For the Applicant: Mr. T. Dlamini

For the Respondents: Mr. S. Gumedze

Dates Heard: 11 October 2013

Judgment Handed Down: 19 June 2014

JUDGMENT



[1] The Applicant who alleges that he is a Chief of Kaluhleko area in the District of Manzini instituted these proceedings seeking inter alia an order of this court operating with immediate and interim effect calling upon the first Respondent, a resident of Kaluhleko area, to within 24 hours of this order, remove the fence he erected at a certain identified piece of land at Kaluhleko, allegedly meant for the construction of the area’s Umphakatsi or Chief’s Kraal.
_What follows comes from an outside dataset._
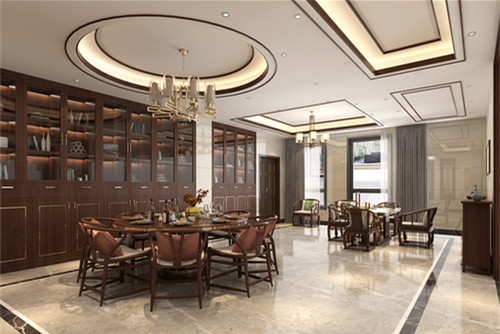 玉林市凱旋世紀廣場新中式風(fēng)格四居室裝修案例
The Applicant further sought an order interdicting the 1st – 6th Respondents or those acting at their behest from holding community meetings at the old Umphakatsi without his authority as Chief of the area.



[2] In support of his contention that he is the Chief of Kaluhleko area, the Applicant annexed as annexure AG1, a certificate of his appointment as the Chief of Kaluhleko, which it is common cause was signed by His Majesty King Mswati III in his capacity as the authority empowered to appoint Chiefs in accordance with Section 233 of the constitution of the Kingdom of Swaziland.
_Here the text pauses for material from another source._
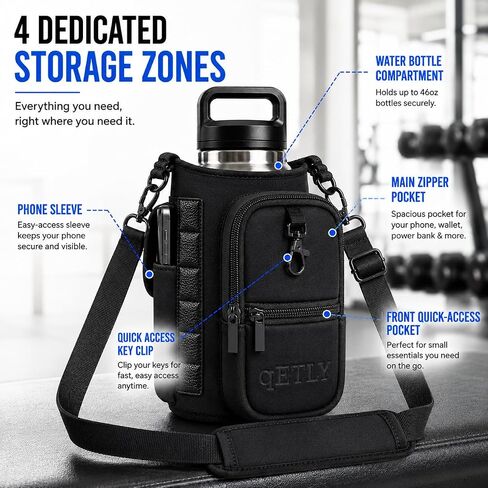 حقيبة الصالة الرياضية المغناطيسية وحامل زجاجة المياه، عقد مغناطيسي قوي، تخزين 4 مناطق، حقيبة حبال قابلة للتعديل لصالة الألعاب الرياضية والسفر in Kuwait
[3] In support of his application, the Applicant contends that he is the son of the late Chief of Kaluhleko area, and was appointed to succeed his late father, Chief Mfanawenkhosi Maseko. He contends that after his having been appointed Chief of Kaluhleko area, there was identified an area by the Umphakatsi where his new Umphakatsi was meant to be established or built. The area concerned he says, was part of an area that had previously been designated by the authorities of the area as an agricultural showcasing piece of land where members of the public who had a passion to do so, were allowed to plough and plant crops of their choice as a means of expressing their agricultural prowess and showcase the produce.



[4] This project became defunct as time progressed such that it was with time, and precisely around 1996 called off or abandoned with the members of the public being notified by the authorities that as the land concerned had realistically belonged to no one or been allocated to no one in particular outside the purpose stated above, it was then being returned to its owner the Umphakatsi after which it was to be used to construct the then intended Umphakatsi belonging to the Applicant as the newly appointed Chief of the area.



[5] The Applicant contends that the decision reclaiming the piece of land back to the Umphakatsi was respected and complied with by all the members of the public and Umphakatsi except the first respondent who refused to respect the said decision and also failed to heed it, allegedly claiming that he did not recognize the Applicant as the Chief of the area because according to him he was not legitimate. The first respondent was however allegedly refusing to heed the Applicant’s summons as a Chief calling upon him to attend meetings with him to resolve this issue among others. This it is alleged resulted in a criminal case being instituted against the Respondent at the Manzini Swazi National Court, from where it was, at Respondent’s counsel’s instance transferred, to the Magistrates Court, as the Respondents through their attorney stated that they wanted to be represented by an attorney who had no right of audience in the Magistrate’s Court.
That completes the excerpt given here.